EXERCISE DETAILS> All of the data below should come back exactly as written, minus its images.
Start of MATERIAL PROVIDED
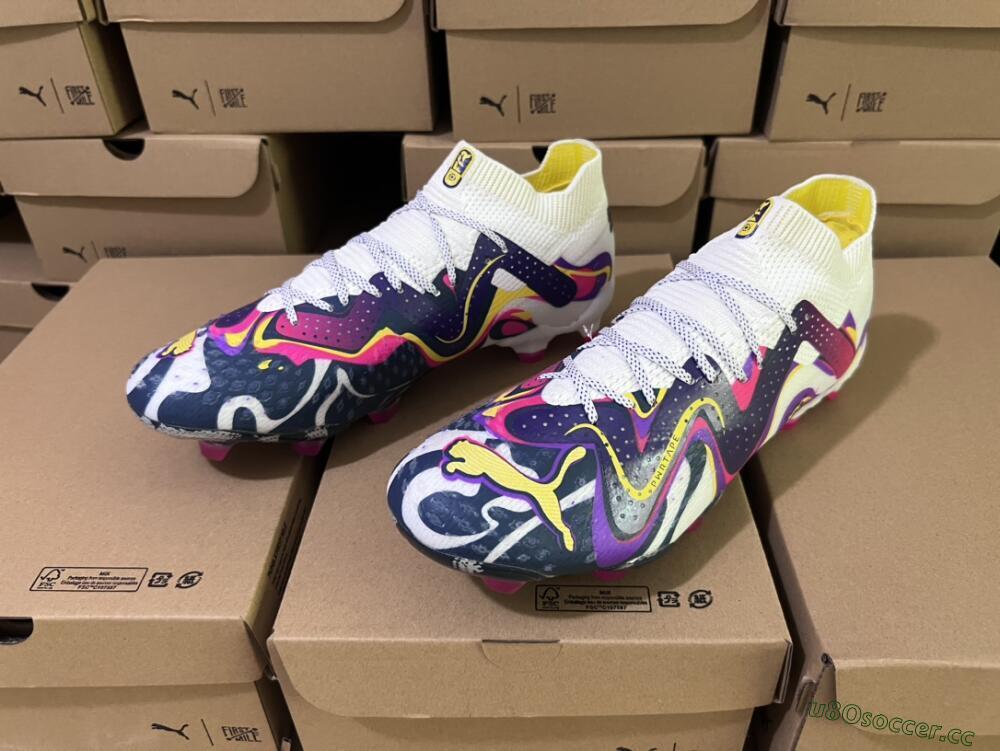 Men's Puma Future Ultimate FG Firm Ground Low-Tops Football Boots - White/Rainbow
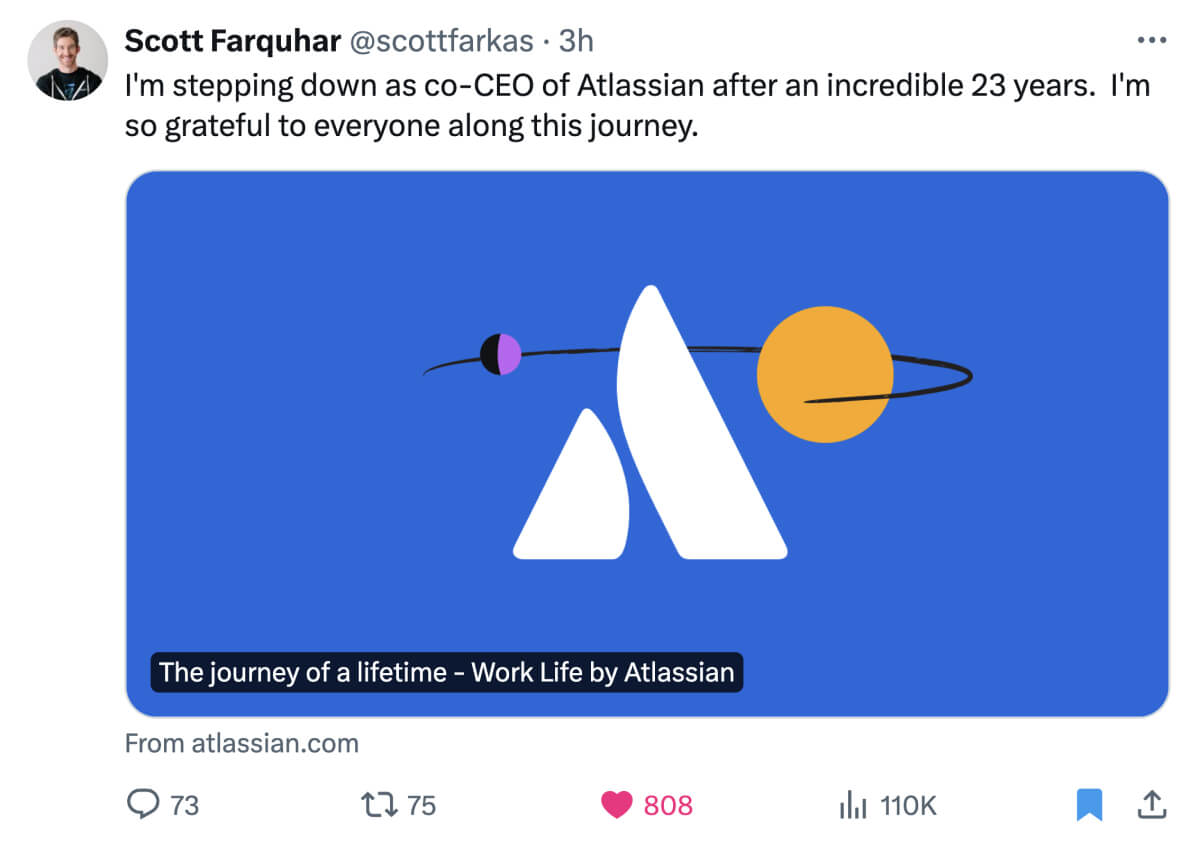 Atlassian CEO sharing an article on Twitter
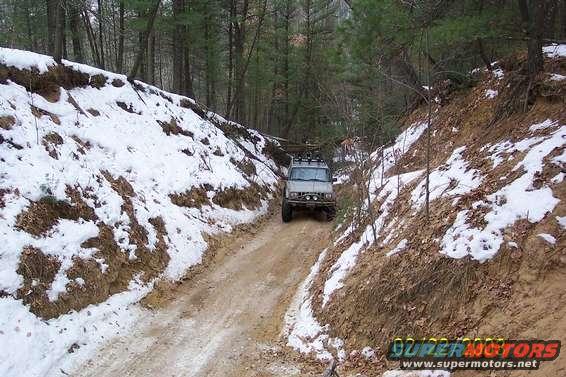 Silver SUV on snowy dirt road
End of MATERIAL PROVIDED
EXERCISE RESULT>
 Men's Puma Future Ultimate FG Firm Ground Low-Tops Football Boots - White/Rainbow
 Atlassian CEO sharing an article on Twitter
 Silver SUV on snowy dirt road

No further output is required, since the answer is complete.